For weeks, tens of thousands of people from around that country have been marching through Al Hoceima, a city on the Mediterranean coast in the northern Rif region, against injustice and corruption. Elsewhere, solidarity marches are springing up like brush fires. The police, enforcing a ban on protests, are using roadblocks, tear gas and truncheons to fight crowds. More than 200 people have been arrested, among them leaders of a grass-roots reform movement. Journalists, too.

Among the few foreign journalists on the ground, Jose Colon, a 42-year-old freelance photographer from Andalusia, Spain, is darting through clashes between riot police and angry young men — and trying to avoid arrest — to document a moment and a movement that may prove historic.

Or not. The latest protests have uncovered a fundamental problem in the Rif region, said Mr. Colon, who has documented social and political issues in northern Morocco for more than 15 years. The Rif region, mostly ethnically Berber, has revolted time and again against discrimination and oppression, going back a century to Spanish colonization. Yet little ever changes.

The Rif region remains the least developed in the kingdom, full of lack.

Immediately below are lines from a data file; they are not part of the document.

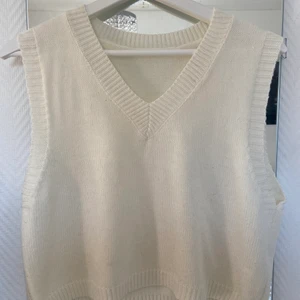 Vit väst - Skitsnygg vit trenig väst, kommer inte till användning. Köpare betalar frakt! 🥰
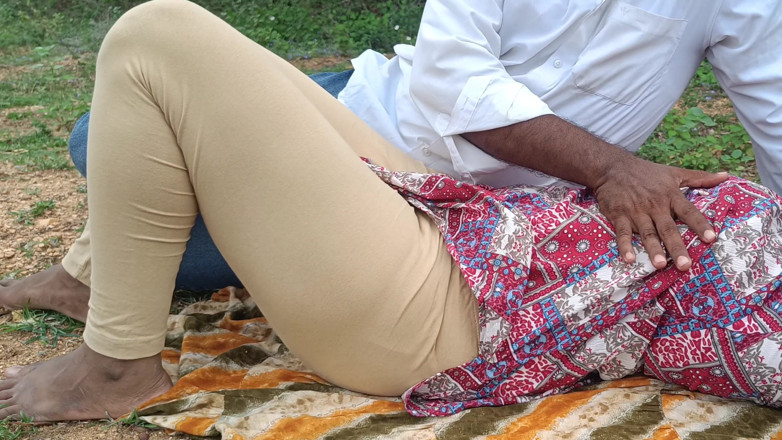 Laxi ammu: Outdoor Hot Fucking Romance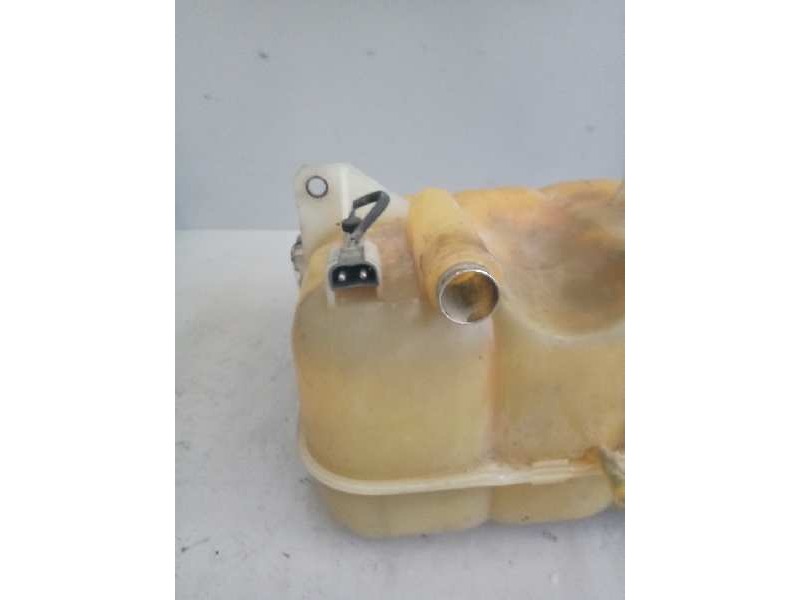 Recambio de deposito expansion para volvo fh 12 2002  fsa xlow 4x2 corto referencia OEM IAM   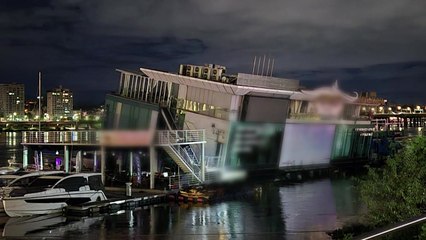 서울 잠원동 한강 선박 건물 기울어...1층 식당 물에 잠겨 / YTN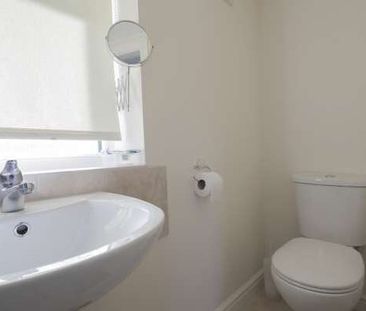 8 Highfields, Huddersfield, HD1 - Photo 2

Crumbling streets and structures make parts of Al Hoceima (population 56,000) look like a war-torn ghetto. During the Arab Spring, King Mohammed VI promised a more open government, giving people a say. Years later, little power has trickled down.

Mr. Colon arrived in Al Hoceima last month, when the latest wave of protests began, picking up where they left off during Ramadan (May 26th-June 24th). The people he keeps meeting, he said, “are a peaceful people who receive their guests as if they were part of the family.”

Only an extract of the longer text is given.